WHAT IS EXPECTED: Repeat the records below exactly from the line containing "Harmony Unleashed - Peace-Love-Dog" to the line containing "Royalfox(TM) for Cadillac", taking in both of those lines. Drop the pictures.
EXERCISE MATERIALS below:
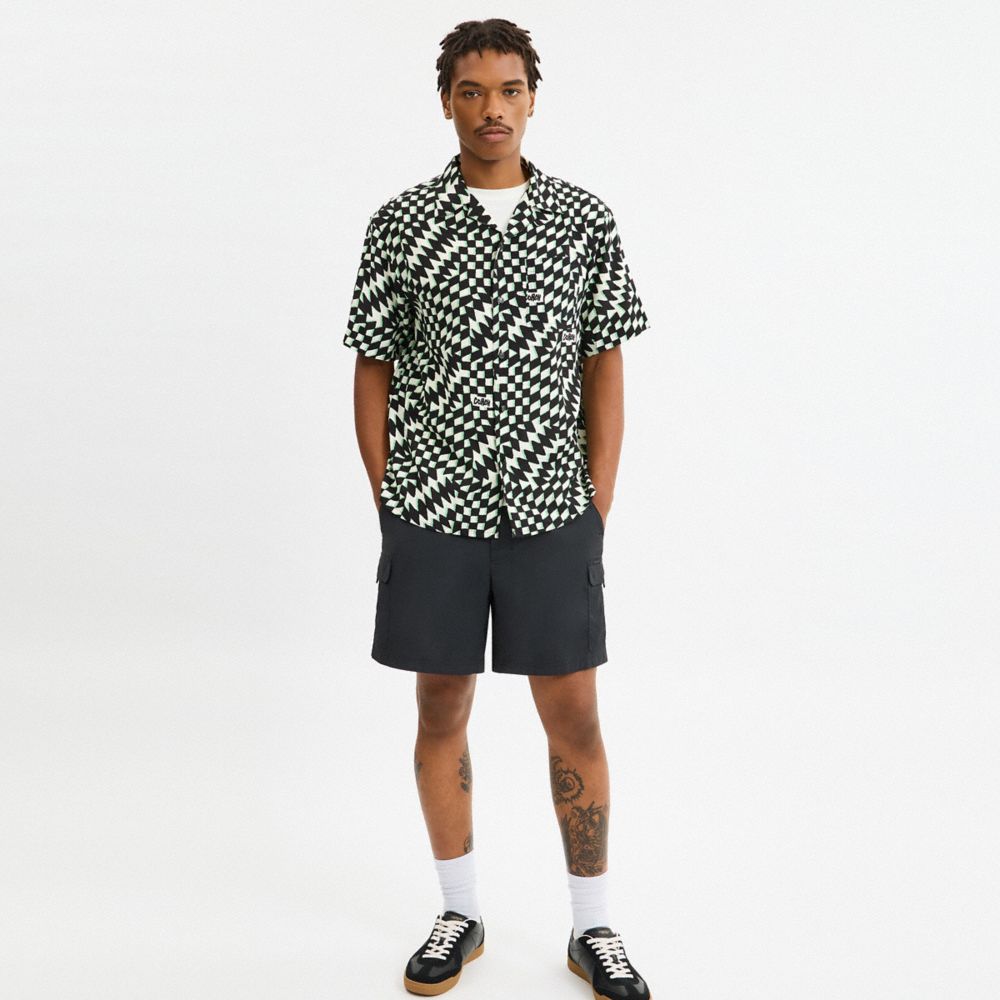 Coach Printed Camp Shirt Black Green Multi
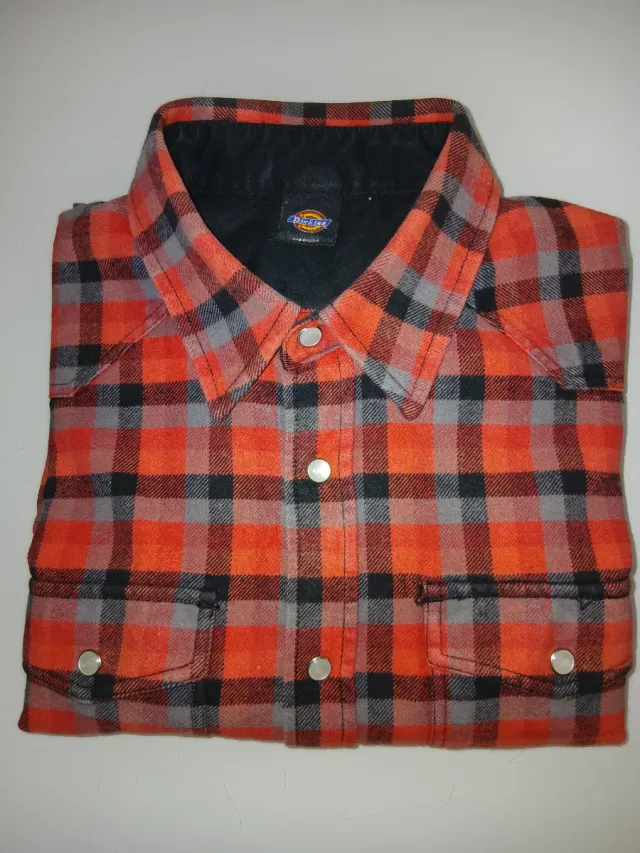Camisa Dickies cuadros naranja Talla M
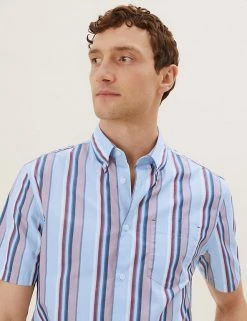 M&S Collection Casual Shirts Pure Cotton Striped Shirt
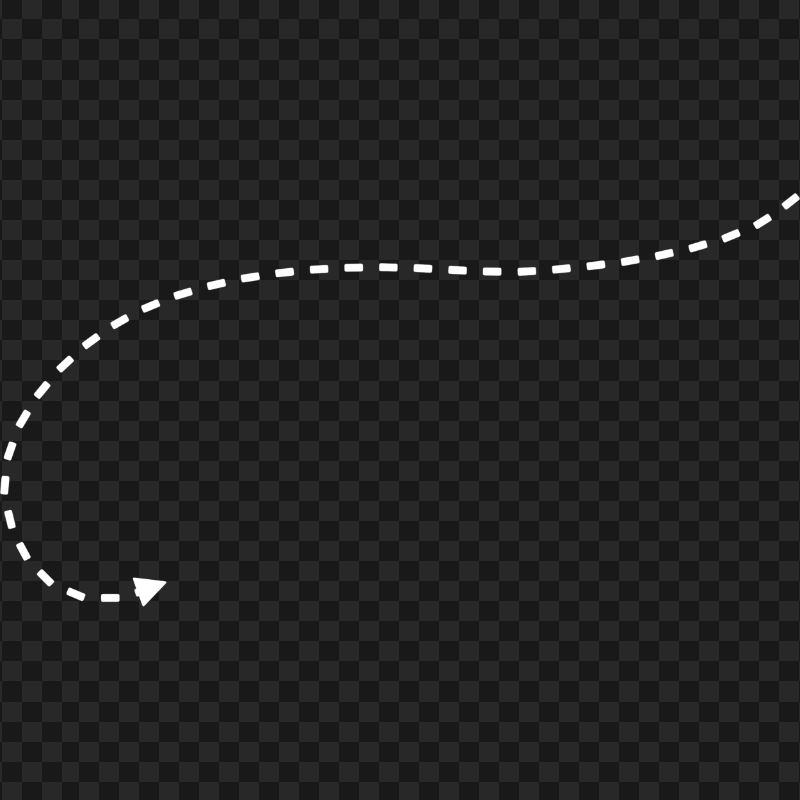 Dashed Curved White Arrow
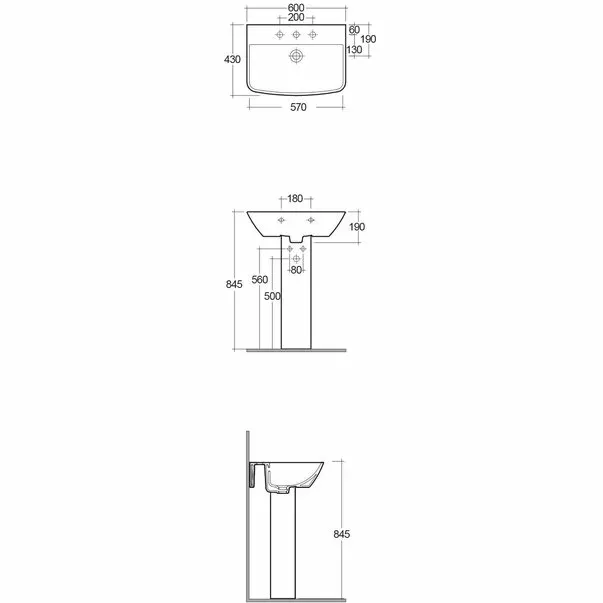 Lavoar Rak Ceramics Summit, montare pe perete, 600 x 430 mm, alb, SUWB00001 [1]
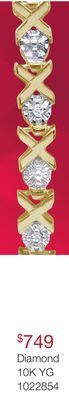 Charm Diamond Yellow gold 0.085ctw diamond bracelet offer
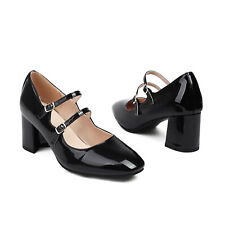 Usado, Sapatos femininos de couro envernizado biqueira quadrada Mary Jane salto bloco médio tamanho UA comprar usado  Enviando para Brazil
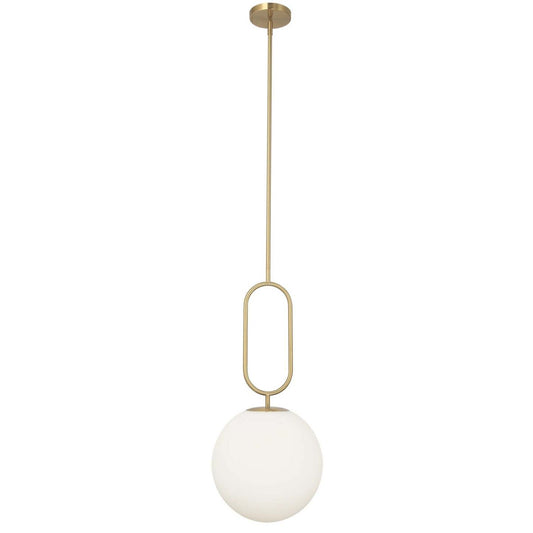 Dainolite Simone 1 Light Pendant Aged Brass White Opal Glass Lamp|Luminaire suspendu Simone de Dainolite en verre blanc opale, avec laiton vieilli et 1 ampoule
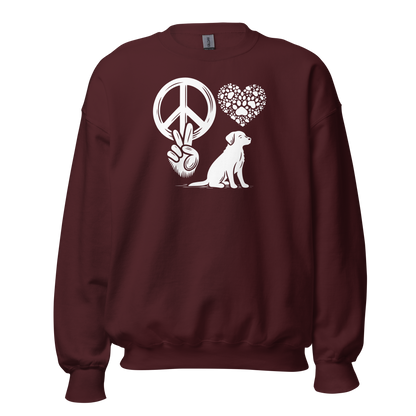 Harmony Unleashed - Peace-Love-Dog - Preshrunk Sweatshirt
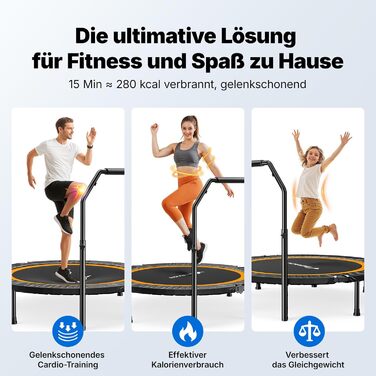 Міні-трамплін MERACH 122 см з ручкою - фітнес-трамплін, 150 кг, тихий, для дому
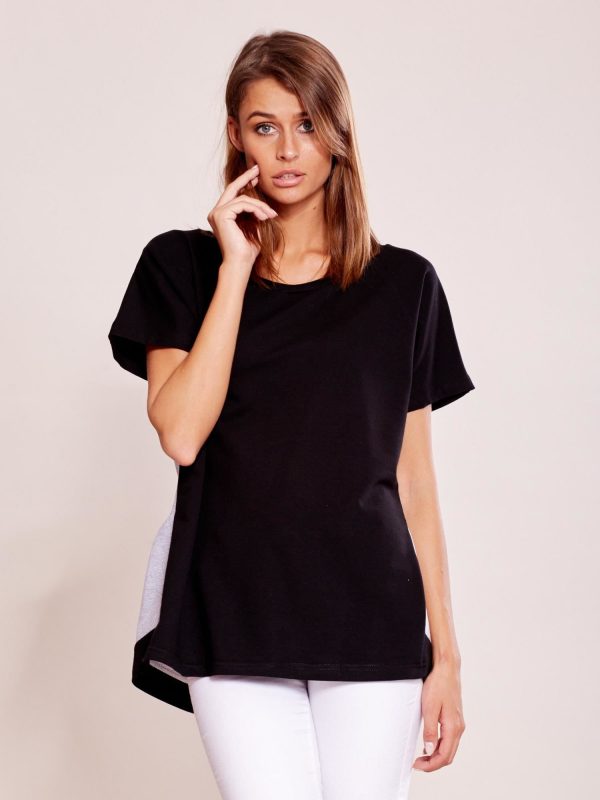 Wholesale Black and grey oversized sweatshirt with short sleeve frill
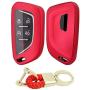 Royalfox(TM) for Cadillac New Blade Shape Key, 5 Buttons Soft TPU Full Protection keyless Remote Smart Key Fob case Cover Keychain for 2020 Cadillac ct5 CT4-V Corvette C8 (red)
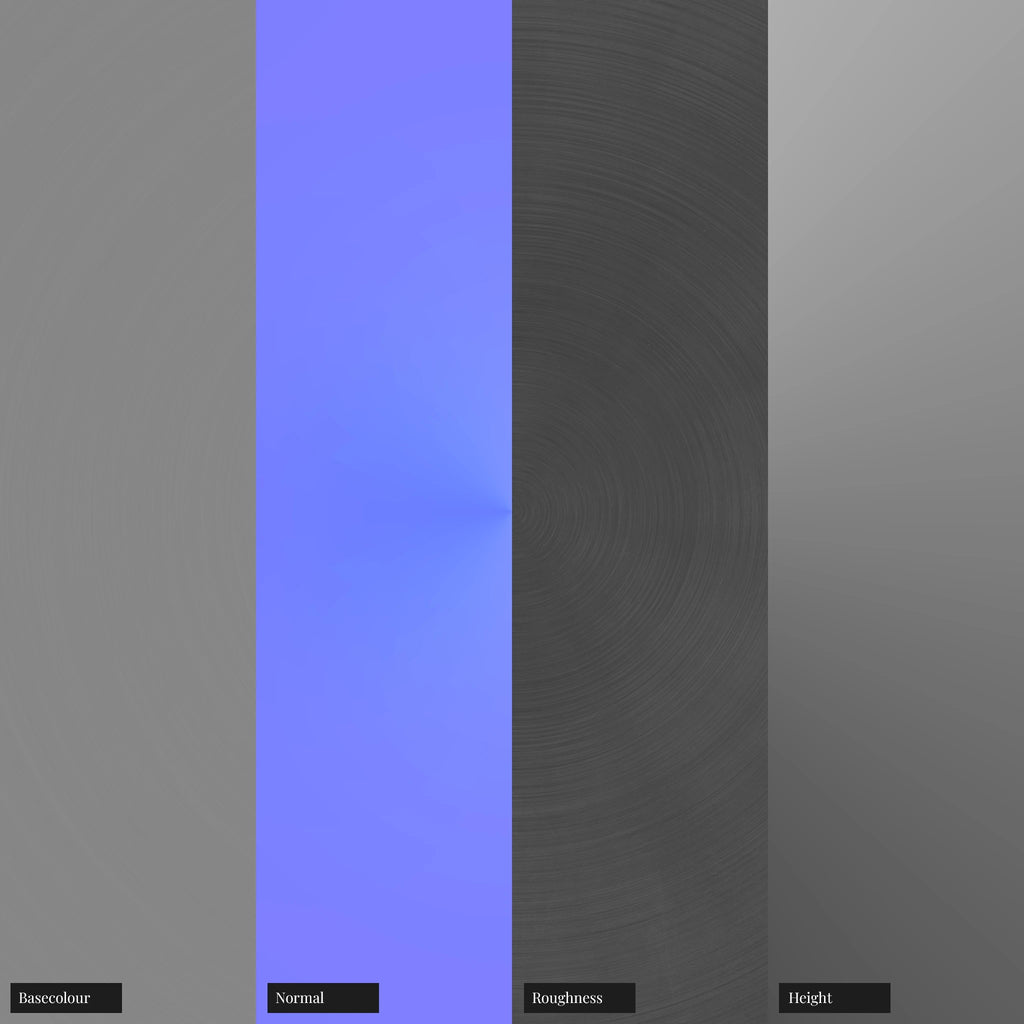 Radial Brushed Steel Metal PBR Texture - Example Scene Visualization | Superellipse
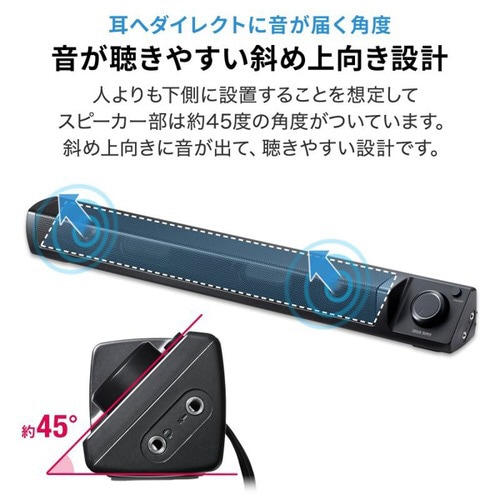 スリムサウンドバースピーカー(USB電源)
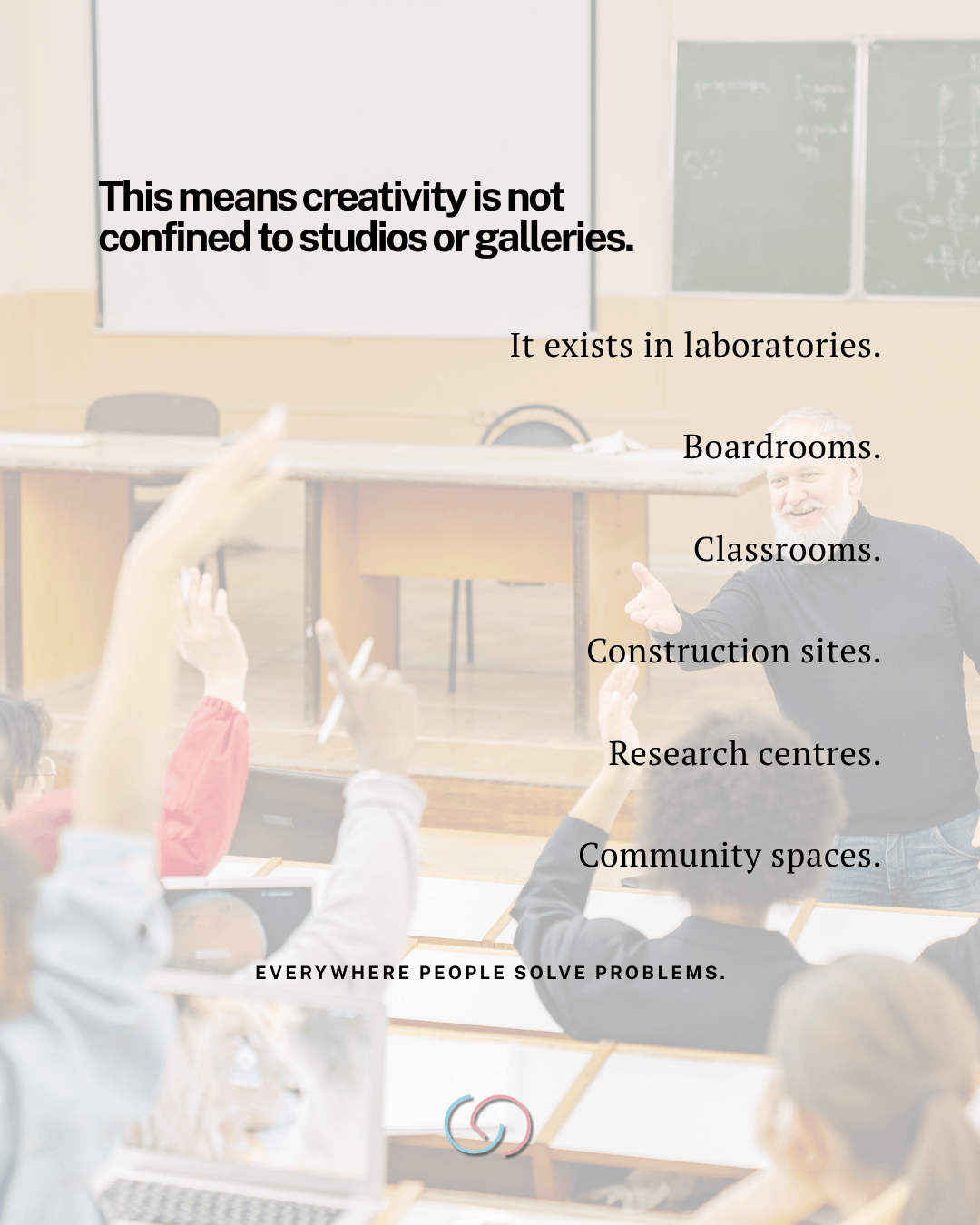 A classroom scene showing students raising their hands to answer questions, emphasizing that creativity exists beyond traditional spaces like studios and galleries.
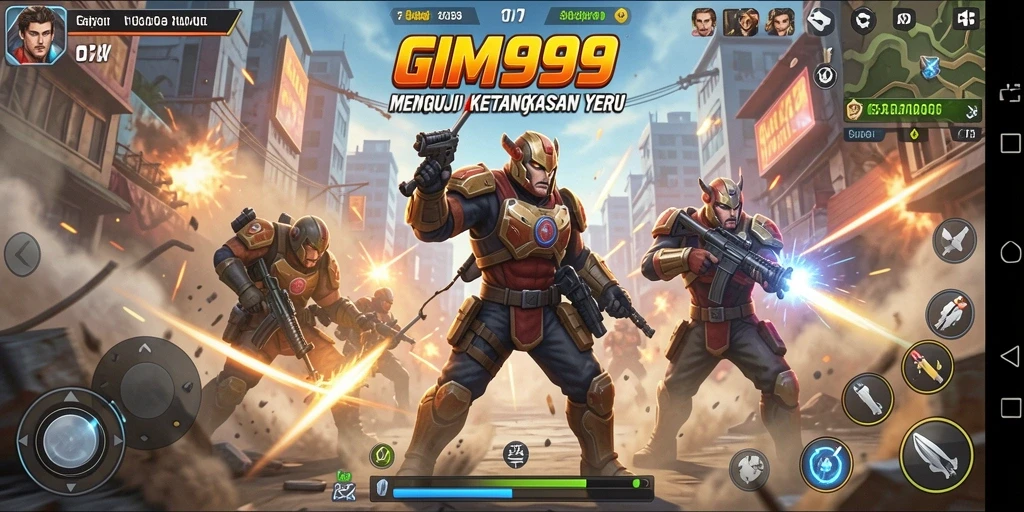 Screenshot GIM999 menampilkan aksi seru dalam pertempuran.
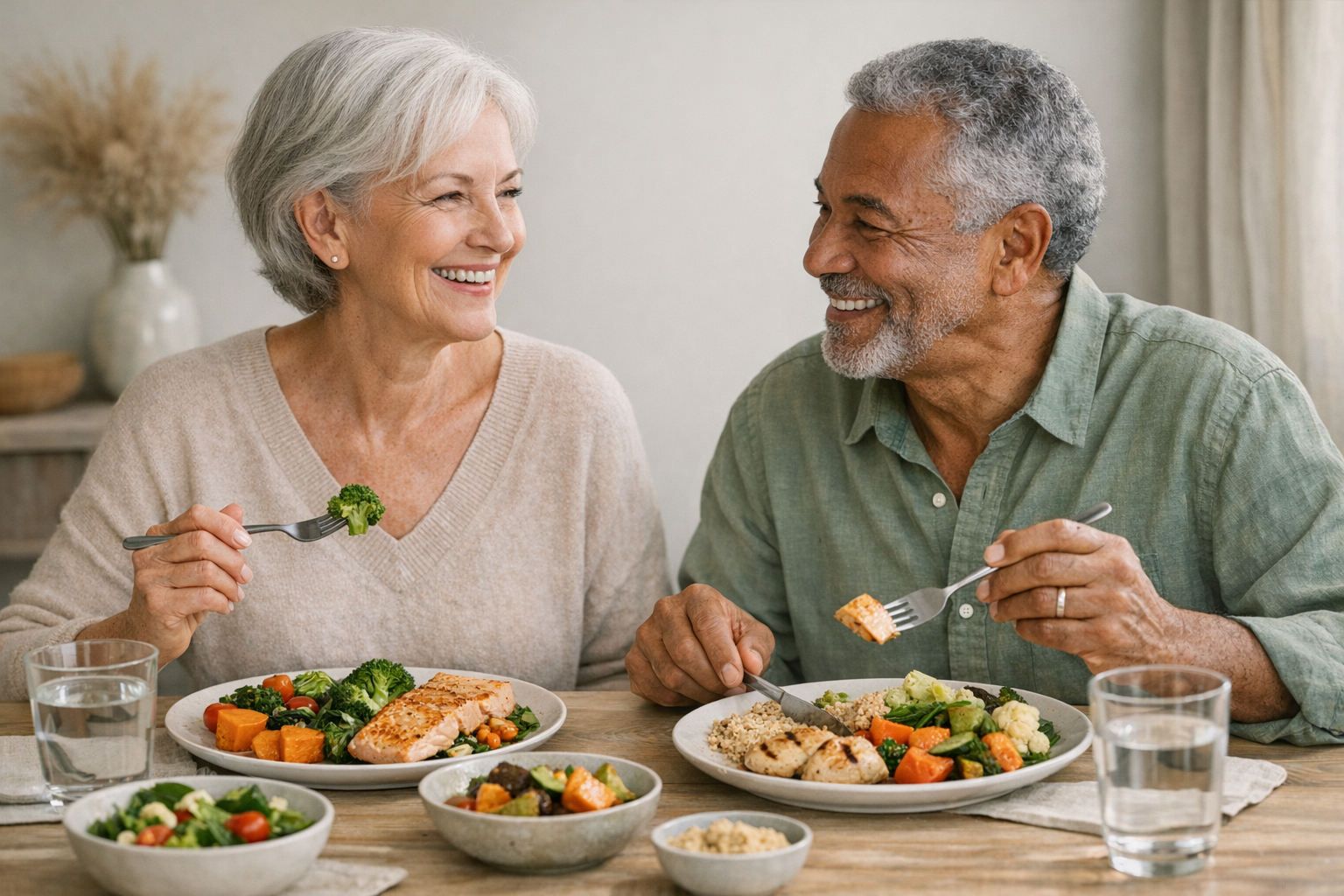 Older adults enjoying a balanced, jaw-friendly meal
End of EXERCISE MATERIALS.
RESULT BELOW:
 Harmony Unleashed - Peace-Love-Dog - Preshrunk Sweatshirt
 Міні-трамплін MERACH 122 см з ручкою - фітнес-трамплін, 150 кг, тихий, для дому
 Wholesale Black and grey oversized sweatshirt with short sleeve frill
 Royalfox(TM) for Cadillac New Blade Shape Key, 5 Buttons Soft TPU Full Protection keyless Remote Smart Key Fob case Cover Keychain for 2020 Cadillac ct5 CT4-V Corvette C8 (red)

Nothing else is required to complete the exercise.